Ancor più significativa la distanza tra come gli argomenti sono stati presentati dalle fonti e la percezione effettiva degli utenti. Dall’analisi del sentiment associata ai contenuti è emerso, ad esempio, che i post relativi all’entità ‘Corte Costituzionale’ venivano prodotti dalle fonti in un’ottica prevalentemente positiva, ma percepiti negativamente dagli utenti. Al contrario, concetti come ‘Italia’ e ‘Cernobbio’ venivano presentati in modo negativo dalle pagine produttrici di notizie ma percepiti positivamente dagli utenti. “Stiamo cercando di capire – continua Zollo - se questa grande distanza, a livello emotivo, possa predire quali argomenti risulteranno maggiormente polarizzanti”. Infatti, poiché è proprio questa radicalizzazione che porta a considerare credibili anche notizie false o contraddittorie, diventa fondamentale capire quali sono i meccanismi che tendono a acuire le differenze tra i punti di vista.

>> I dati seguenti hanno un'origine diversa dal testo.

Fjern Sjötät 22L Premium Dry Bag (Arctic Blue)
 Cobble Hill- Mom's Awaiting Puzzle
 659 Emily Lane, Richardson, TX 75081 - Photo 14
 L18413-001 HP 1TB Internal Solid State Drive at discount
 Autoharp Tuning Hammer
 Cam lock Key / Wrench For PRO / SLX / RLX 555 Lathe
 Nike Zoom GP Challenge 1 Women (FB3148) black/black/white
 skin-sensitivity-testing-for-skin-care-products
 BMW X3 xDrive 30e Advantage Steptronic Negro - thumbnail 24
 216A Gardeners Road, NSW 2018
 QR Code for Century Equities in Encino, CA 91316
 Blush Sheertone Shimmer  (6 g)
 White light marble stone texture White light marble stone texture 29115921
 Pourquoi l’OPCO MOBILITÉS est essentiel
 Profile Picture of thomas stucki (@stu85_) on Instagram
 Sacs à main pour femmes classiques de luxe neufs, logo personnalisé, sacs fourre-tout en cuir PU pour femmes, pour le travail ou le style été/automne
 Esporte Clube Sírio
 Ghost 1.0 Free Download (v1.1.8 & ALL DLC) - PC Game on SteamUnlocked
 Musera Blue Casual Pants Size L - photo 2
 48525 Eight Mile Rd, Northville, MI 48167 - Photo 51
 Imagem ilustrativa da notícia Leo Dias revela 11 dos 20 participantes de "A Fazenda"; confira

In questo modo sarebbe possibile progettare delle strategie di comunicazione che favoriscano invece un confronto aperto e positivo. Al contrario, interventi di verifica della notizia o di analisi della credibilità delle fonti, come quelli su cui stanno lavorando Facebook e Google, sembrano poco adeguati a risolvere il problema della disinformazione. “Noi crediamo che la soluzione del fact-checking – conclude Zollo - non funzioni. È difficile mettere in atto meccanismi di questo tipo in un sistema in un cui gli utenti si dividono spontaneamente in comunità che non comunicano tra loro o che comunicano senza trovare punti di contatto. Stiamo invece cercando dei modi che ci permettano di individuare gli argomenti maggiormente sensibili e intervenire lì per ridurre la radicalizzazione e la polarizzazione”.